Patent Document 1 discloses a wafer centering device (wafer clamping device) that can maintain high positioning accuracy even when holding wafers having different diameters.
JP-A-9-107018

  However, the wafer clamp apparatus disclosed in Patent Document 1 has the following problems.

  In the wafer clamp device shown in Patent Document 1, there is a possibility that a large gripping force is applied to the wafer and is damaged at the moment when the wafer and the clamp roller come into contact with each other.

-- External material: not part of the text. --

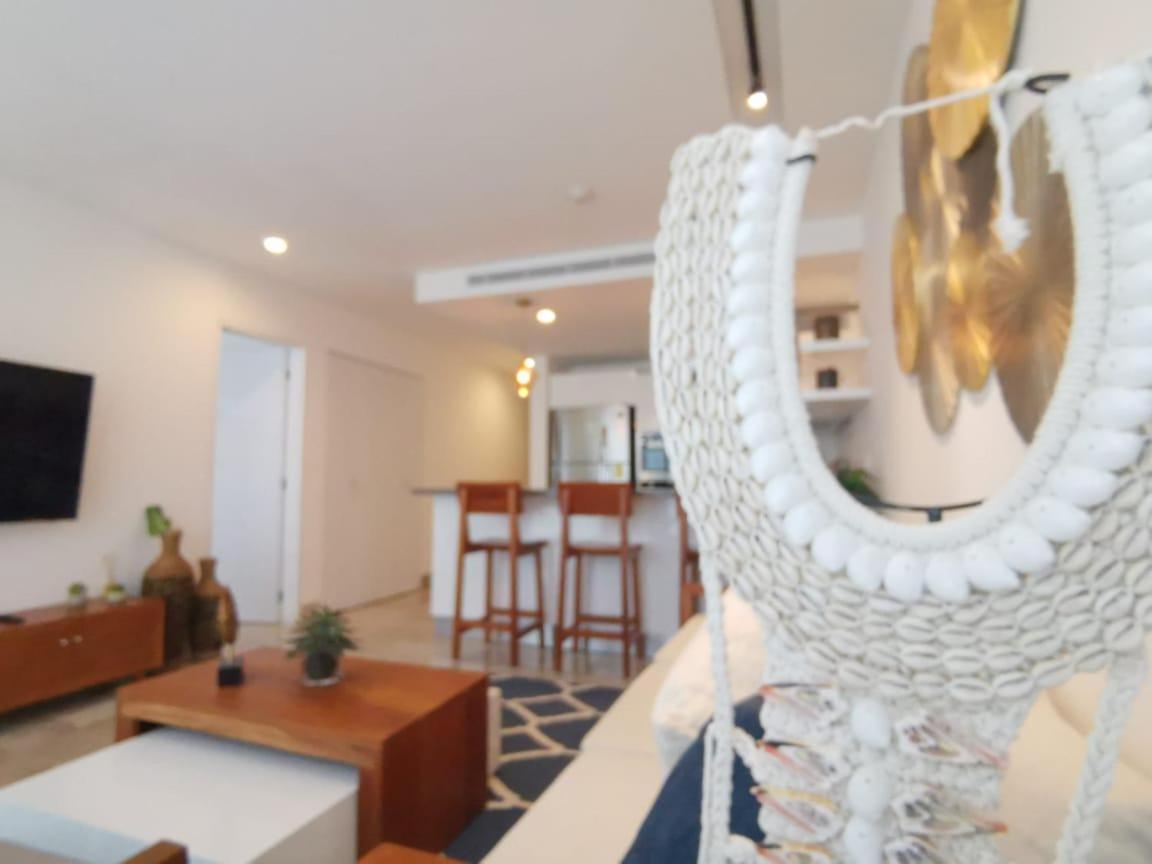 Apartment Ocd12 Unique 1 Bedroom Playa del Carmen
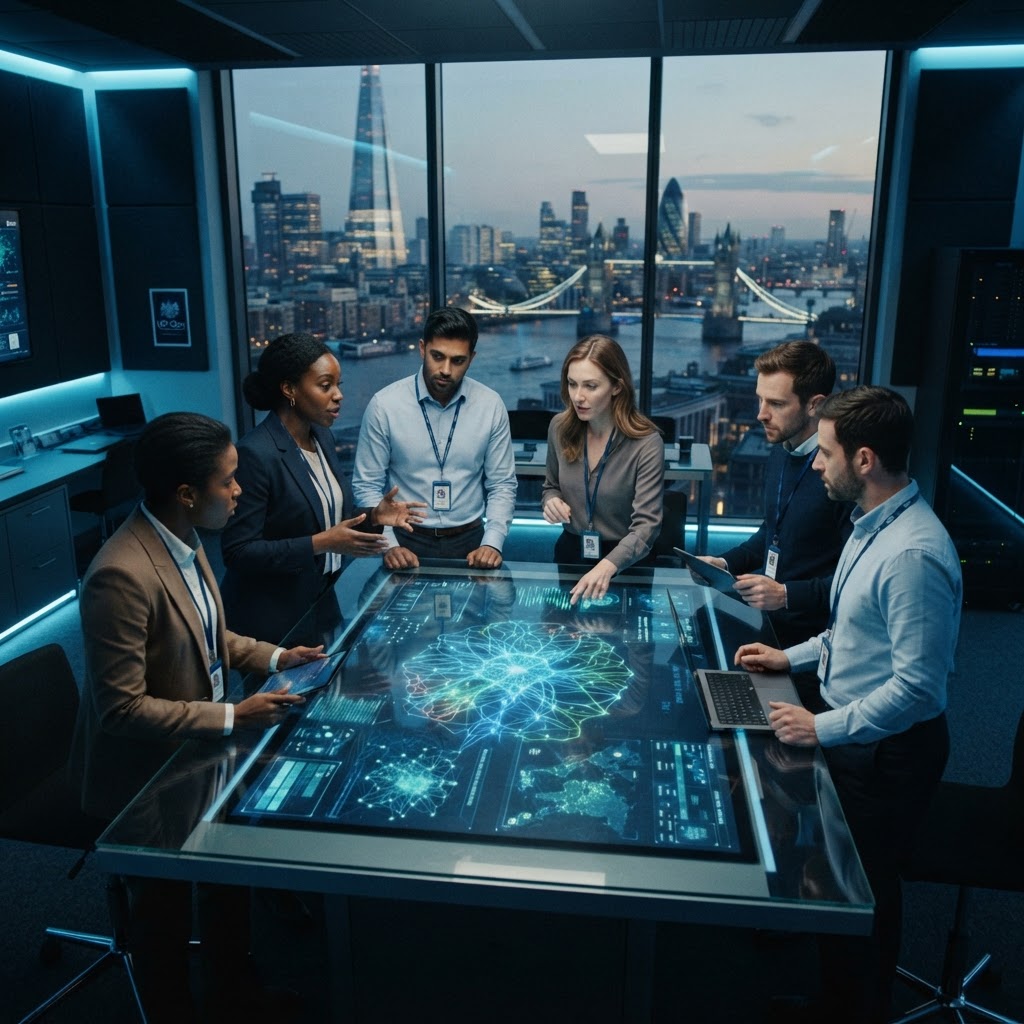 Whitehall Secures Critical Oversight of Emerging Silicon Valley AI Architectures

  Accordingly, an object of the present invention is to provide a wafer clamping device that can clamp a wafer while preventing the wafer from being damaged.

  The wafer clamp device according to the present invention includes a base portion and a plurality of arm mechanisms. The base portion extends in the vertical direction. The plurality of arm mechanisms have a first arm part, a second arm part, and an elastic member. The first arm part is supported by the base part so as to be capable of reciprocating along the radial direction of the wafer placed above the base part. The second arm portion is fitted to the first arm portion so as to be movable along the radial direction, and comes into contact with the peripheral edge of the wafer. The elastic member elastically connects the first arm part and the second arm part.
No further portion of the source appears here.